Last week, Nevada Governor Brian Sandoval vetoed a bill to restore voting rights to any ex-felon who “honorably completes a felony sentence of imprisonment, probation, or parole“.

Here’s his rationale:

“The right to vote is a privilege that should not lightly be restored to those few individuals who commit the most egregious crimes in our society,”

Kinda interesting to use “right” and “privilege” in the same sentence and not notice the contradiction, huh?

Interestingly enough though, Sandoval’s view isn’t without precedent. Truth is – from the very beginning of the republic, voting rights advocacy has been about confronting the inherent contradiction of the United States as a representative democracy that never intended to allow all people in its borders the right to vote.

At inception, only land-owning White men were allowed to vote. Jacksonian Democrats ended that in the 1840s.
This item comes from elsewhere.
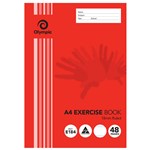 Olympic Exercise Book A4 48 Pg 18mm Ruled Margin 20 per Pack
  • Then came the 15th Amendment in 1870, which enfranchised Black men (at least constitutionally);
  • the 19th amendment in 1920, which enfranchised women;
  • The Indian Citizenship Act of 1924, which made Native Americans citizens and, at least in theory, meant they could vote;
  • the 23rd Amendment in 1961, which gave residents of Washington, D.C., the right to vote for president and vice president;
  • the 26th Amendment in 1964, which lowered the voting age to 18; and
  • the Voting Rights Act of 1965 and its subsequent reauthorizations, which finally fully enfranchised Blacks, Native Americans, and language minorities.

See? Took a lot.

Though this has been a constant debate since our nation’s founding, treating voting as a privilege is a contradiction. It is quite literally, inherently, undemocratic.

Felony disenfranchisement is a different sort of animal than enfranchising women and minorities though. It is about the power we give the government to take away rights that should be fundamental. And most critically I think, it is also about, on some level, the role that Americans believe incarceration plays in society.

If we truly believe that incarceration is about punishment – and I think most of us do – then there is no reason to continue to deny civil rights of any kind to an American who has successfully completed their sentence. There is no reason to create a second-class of citizens who have fewer rights than the rest of us. The debt has been paid.

I suspect the more we make this point – and point out the contradiction of treating voting rights as a “privilege” – the more successful we will be in eliminating these laws.